For that you simply have to call the bibliography function where you want it to be generated:

#bibliography("bibliography.bib", title: "References", style: "springer-basic")

And cite the references you want with the @bibkey syntax (note that its the same syntax for cross-referencing) or the #cite function. Note that if you have a + in your bibliography key, the label wont be recognized. It is my case as my bibkeys are in the alpha style with the initials of the authors + year up to 3 names, and a + afterward… To be able to cite the reference anyway, just do #cite(label("bib+key")).

The full list of natively available style is given in the Typst documentation, however you can define your own in the Citation Style Language. Meaning that you can pick the best one for your usage in the CSL repository.

To put multiple citations (as in \cite{ref1, ref2} in LaTeX), you just have to concatenate them, like @ref1 @ref2. If the citation style supports it, it would automatically merge them under the same bracket (however, its not the case for all citation styles).

Tooling

Unlike my blogpost about using nvim for LaTeX, its pretty much easier here.

I just added the typst.vim plugin to neovim, added a binding for the :TypstWatch command and thats basically all. It is possible to set the g:typst_pdf_viewer (vim.g.typst_pdf_viewer in Lua) global variable as well if you want to have a different default PDF viewer for your system and for edition.

Now, each time I save, the document is incrementally compiled (I think) and updated in my PDF viewer.

I tried using typst language servers as well, but they dont seem mature enough yet. In the end, the typst.vim plugin suffices to my needs without being too nosy.

Hopefully, the tooling will get better with time.

Conclusion

For simple document typesetting, even with features such as bibliography, cross-referencing, and table of contents, Typst seems to be a good choice. However, for long-term support documents, such as documentation, I would wait to see it being more stable. Even while writing this blog post, the lettre template I made was done in Typst 0.11, and preparing it in a repository raised some warnings about breaking changes from 0.12 that has been published 3 days ago (at the time of writing):

Added par.spacing property for configuring paragraph spacing. This should now be used instead of show par: set block(spacing: ..) (Breaking change)

Which also leads me to say that one other advantage of Typst is… the readability of error messages. They are way much cleaner than the ones from LaTeX. Leading to easier debugging as well. I, however, cant say for sure as I didnt typeset big documents using Typst yet (which is unlikely to happen given my stance so far, but who knows…).

Finally, to complete the note about compiling in LaTeX from Pandoc in the introduction of this blogpost… Im apparently not up to date.
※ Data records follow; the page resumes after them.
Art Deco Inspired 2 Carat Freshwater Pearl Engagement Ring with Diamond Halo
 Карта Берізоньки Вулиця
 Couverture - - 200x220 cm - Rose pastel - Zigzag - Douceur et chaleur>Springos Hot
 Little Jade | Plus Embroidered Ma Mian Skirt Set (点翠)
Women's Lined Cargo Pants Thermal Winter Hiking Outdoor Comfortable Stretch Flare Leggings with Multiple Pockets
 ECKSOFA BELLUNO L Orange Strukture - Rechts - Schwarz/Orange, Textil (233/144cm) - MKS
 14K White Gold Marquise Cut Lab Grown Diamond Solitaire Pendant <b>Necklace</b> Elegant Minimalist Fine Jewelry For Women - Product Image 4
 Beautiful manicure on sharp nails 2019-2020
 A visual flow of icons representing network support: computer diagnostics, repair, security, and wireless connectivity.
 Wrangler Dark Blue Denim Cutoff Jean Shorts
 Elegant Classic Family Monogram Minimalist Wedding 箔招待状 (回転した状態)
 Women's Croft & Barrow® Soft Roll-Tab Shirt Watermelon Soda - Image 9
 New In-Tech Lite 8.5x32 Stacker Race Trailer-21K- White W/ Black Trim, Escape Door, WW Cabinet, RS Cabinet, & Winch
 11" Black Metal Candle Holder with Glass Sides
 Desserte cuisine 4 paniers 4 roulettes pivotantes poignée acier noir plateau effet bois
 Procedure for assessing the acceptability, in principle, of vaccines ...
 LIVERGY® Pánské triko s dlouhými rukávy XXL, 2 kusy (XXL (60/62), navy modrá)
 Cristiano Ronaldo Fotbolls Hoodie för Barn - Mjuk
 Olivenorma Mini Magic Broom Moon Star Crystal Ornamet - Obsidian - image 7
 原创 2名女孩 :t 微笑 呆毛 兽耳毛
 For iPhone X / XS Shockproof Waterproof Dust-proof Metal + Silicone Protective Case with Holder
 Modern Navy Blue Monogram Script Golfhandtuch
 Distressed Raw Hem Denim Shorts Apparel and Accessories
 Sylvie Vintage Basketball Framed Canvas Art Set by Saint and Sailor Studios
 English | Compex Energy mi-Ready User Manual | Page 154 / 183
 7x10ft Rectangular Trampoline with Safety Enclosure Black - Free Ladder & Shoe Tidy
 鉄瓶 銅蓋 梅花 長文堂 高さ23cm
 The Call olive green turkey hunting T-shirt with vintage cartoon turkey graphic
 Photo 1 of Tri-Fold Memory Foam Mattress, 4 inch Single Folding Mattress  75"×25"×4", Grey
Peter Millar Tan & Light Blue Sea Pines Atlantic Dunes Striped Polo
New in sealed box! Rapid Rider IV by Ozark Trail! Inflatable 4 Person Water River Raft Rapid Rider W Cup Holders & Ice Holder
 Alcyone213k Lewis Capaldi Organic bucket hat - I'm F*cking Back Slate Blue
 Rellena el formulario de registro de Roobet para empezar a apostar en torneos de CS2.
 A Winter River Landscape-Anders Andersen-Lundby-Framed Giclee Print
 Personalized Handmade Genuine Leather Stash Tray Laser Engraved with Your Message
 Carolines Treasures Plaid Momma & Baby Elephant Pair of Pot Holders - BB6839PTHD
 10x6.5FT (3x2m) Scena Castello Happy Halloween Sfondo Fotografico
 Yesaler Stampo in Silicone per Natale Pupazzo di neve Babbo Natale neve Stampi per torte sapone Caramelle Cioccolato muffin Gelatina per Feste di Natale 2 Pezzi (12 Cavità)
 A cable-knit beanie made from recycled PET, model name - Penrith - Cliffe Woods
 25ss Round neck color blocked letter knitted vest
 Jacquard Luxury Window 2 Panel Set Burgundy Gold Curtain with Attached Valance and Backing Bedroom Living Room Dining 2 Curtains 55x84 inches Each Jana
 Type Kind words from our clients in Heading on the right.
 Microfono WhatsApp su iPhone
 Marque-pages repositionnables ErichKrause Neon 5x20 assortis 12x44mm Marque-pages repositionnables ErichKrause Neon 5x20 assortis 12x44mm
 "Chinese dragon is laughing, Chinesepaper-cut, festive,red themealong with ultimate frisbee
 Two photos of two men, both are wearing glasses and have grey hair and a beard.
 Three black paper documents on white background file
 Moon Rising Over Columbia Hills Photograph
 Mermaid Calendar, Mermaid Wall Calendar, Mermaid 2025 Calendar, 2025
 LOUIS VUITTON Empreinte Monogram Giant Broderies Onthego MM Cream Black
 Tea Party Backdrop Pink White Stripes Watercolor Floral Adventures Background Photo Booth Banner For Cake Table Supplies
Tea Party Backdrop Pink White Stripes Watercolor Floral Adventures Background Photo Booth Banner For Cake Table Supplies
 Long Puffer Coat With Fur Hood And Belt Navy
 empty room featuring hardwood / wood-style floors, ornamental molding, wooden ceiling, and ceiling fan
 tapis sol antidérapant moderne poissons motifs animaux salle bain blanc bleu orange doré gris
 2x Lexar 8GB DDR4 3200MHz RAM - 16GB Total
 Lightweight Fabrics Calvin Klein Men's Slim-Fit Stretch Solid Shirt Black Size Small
For the sake of transparency, it is possible to use different PDF engines with Pandoc according to the documentation. I didnt try them yet, so I cant provide feedbacks about them. Note that Typst is part of the PDF generators, as well as other nice typesetting projects such as pagedjs that aims at paginating HTML sources to have great web page and print-ready PDFs. However, the argument about avoiding intermediate steps if possible still holds (moreover when the syntax of Typst is already clean enough).